I spent this morning reviewing today's economic news in preparation for a TV appearance. I didn't have much of a chance to focus on it in the interview, but fortunately we can discuss it here. The news wasn’t just good, but good in an interesting way.
Specifically, the key news this morning included a report on durable goods, which is basically business equipment, as well as data on consumer confidence and the sales and prices of new homes. These are all good indicators to watch, and the expectation was that they would disappoint once again. The narrative of a slow first quarter has taken hold, and most economists didn't have high hopes.
I have to admit, my expectations were modest as well, despite my belief that the recovery continues. I was very pleasantly surprised, though, at how positive the news was.
Durable goods: which number to watch?
Just as with inflation numbers, there's a headline figure and a core figure for durable goods orders. The headline includes everything, and the core excludes big items that bounce around a lot. In the case of inflation, that's food and energy prices; with durable goods, it’s transportation—namely, cars, aircraft, and defense. Defense spending typically doesn’t mirror the cycles of the economy, but the big wild card is aircraft orders. As important as it may be, the Boeing sales team doesn’t represent the economy as a whole.
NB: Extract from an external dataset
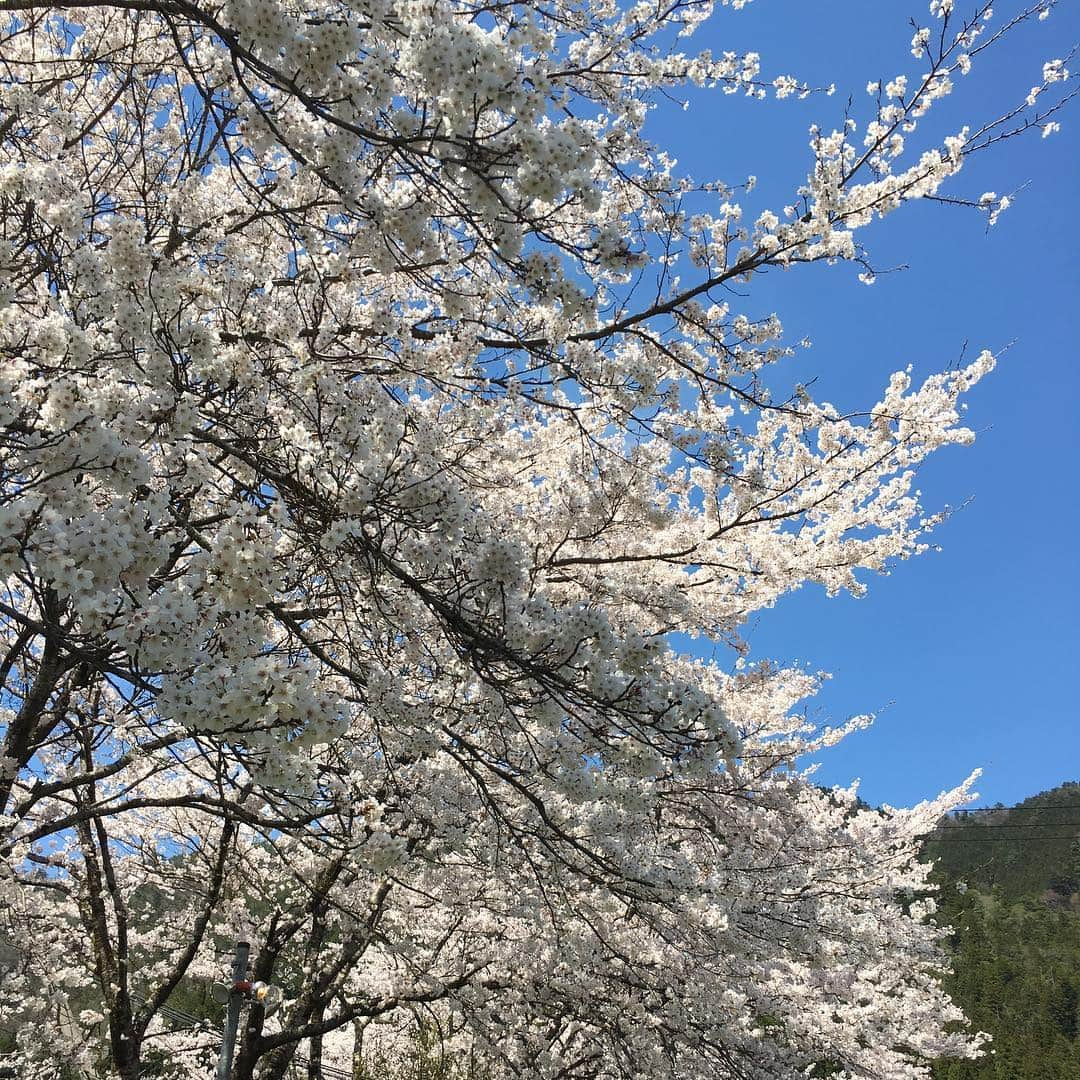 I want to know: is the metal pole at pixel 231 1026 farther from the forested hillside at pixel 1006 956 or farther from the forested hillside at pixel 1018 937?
the forested hillside at pixel 1018 937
You can see this by comparing durable goods orders as a whole, which were down 0.5 percent, in line with expectations, with durable goods orders excluding transportation, which were up 0.5 percent. The difference is largely due to a drop in aircraft orders, which dropped 4 percent after a 40-percent gain the previous month. Clearly, with that kind of swing, the number that excludes transportation should be a more reliable reflection of the economy.
Signs of a developing trend
As I’ve said before, a single month of data is not a good indicator. But we now have two consecutive months of increases in core durables ex-transportation, suggesting that the trend of declines may be broken. Even more indicative, the poor March figures are now being revised up significantly, from negative results to positive.
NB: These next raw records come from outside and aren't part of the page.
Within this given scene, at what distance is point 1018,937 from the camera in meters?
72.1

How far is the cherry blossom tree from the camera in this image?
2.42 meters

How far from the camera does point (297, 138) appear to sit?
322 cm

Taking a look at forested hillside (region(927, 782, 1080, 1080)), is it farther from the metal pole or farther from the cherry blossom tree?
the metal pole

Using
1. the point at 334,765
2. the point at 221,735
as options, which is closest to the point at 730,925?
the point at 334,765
Looking at business investment alone, we get similar results. Capital goods excluding defense spending and aircraft grew even more, at 1 percent, and the previous month was also revised upward by a full percentage point. Business investment, one of the key elements of the economy, is coming back.
And the pattern extends beyond business spending into many areas of the economy. Housing prices and consumer confidence continue to rise and beat expectations, as do new home sales.
Looking forward, the question is whether the better trend will continue. With the West Coast ports running again, the weather improving, and companies adjusting to the stronger dollar and lower oil prices, I suspect we’ll continue to see faster growth. The expectations, however, may take a bit longer to change.